Dalam perkara kontrasepsi, mubah saja alat itu diedarkan di tengah masyarakat yang telah menikah, hanya untuk yag telah menikah. Adapun pelanggaran-pelanggaran mendekati zina bagi siapa pun yang telah balig akan diberikan hukuman sesuai pasangan khalifah atau kadi. Apabila sampai berzina, maka hukum rajam bagi yang sudah menikah dan cambuk 100 kali bagi yang belum menikah akan ditegakkan tanpa pandang bulu. Karena itulah hukuman yang telah termaktub dalam nas Al-Qur’an dan sunah.
Dengan demikian, tak akan ada celah bagi perzinaan.

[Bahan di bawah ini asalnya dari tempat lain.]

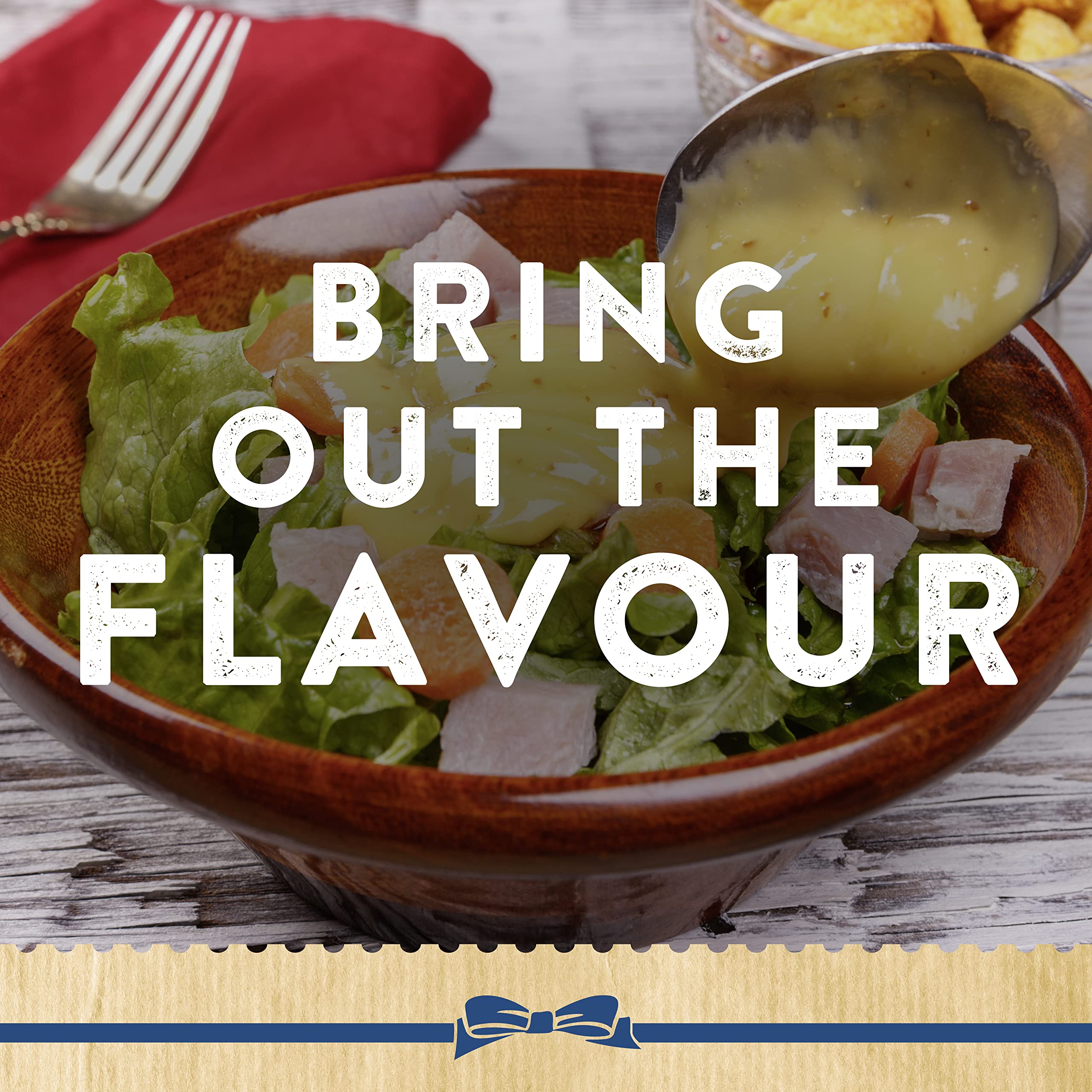 Hellmann's Real Honey & Mustard Salad Dressing & Dip - 450g Creamy Condiment 7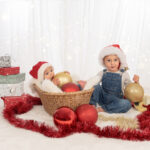 weihnachts-shooting mit kinder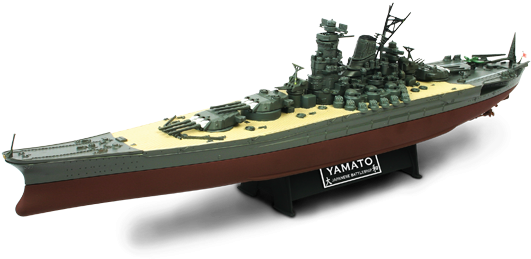 Japanese Battleship Yamato 1/700 (554x283), Png Download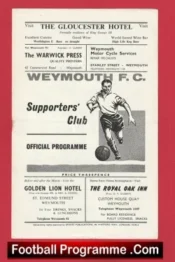 Weymouth v Barnstaple Town 1962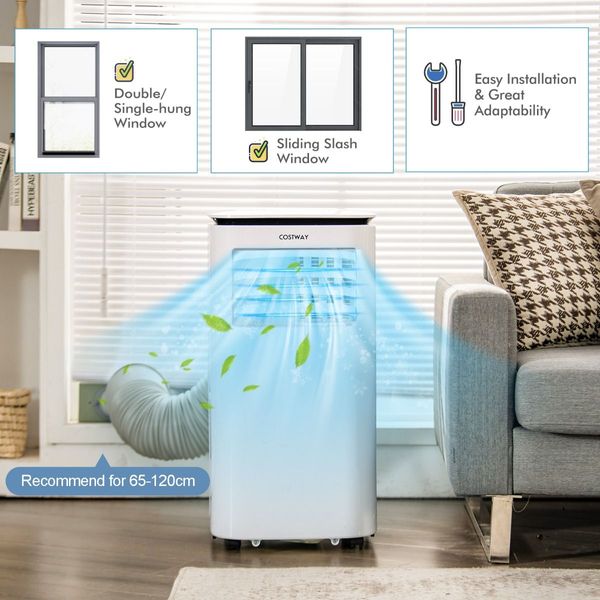 2640W 3-In-1 Mobile Air Conditioner with Fan & Dehumidifier & Remote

Tentu saja semua mekanisme di atas akan sangat efektif jika penerapan Islam kaffah diselenggarakan oleh institusi negara. Sebab, negaralah yang berkewajiban menjaga suasana keimanan di tengah masyarakat dan memelihara semua urusan rakyat, termasuk perkara interaksi antara laki-laki dan perempuan. Aturan Islam menjaga setiap individu untuk meraih kemuliaan dunia dan akhirat. Sudah saatnya kaum muslim berjuang mengembalikan kehidupan Islam agar keberkahan dan rahmat bagi semesta alam terwujud. Wallahualam.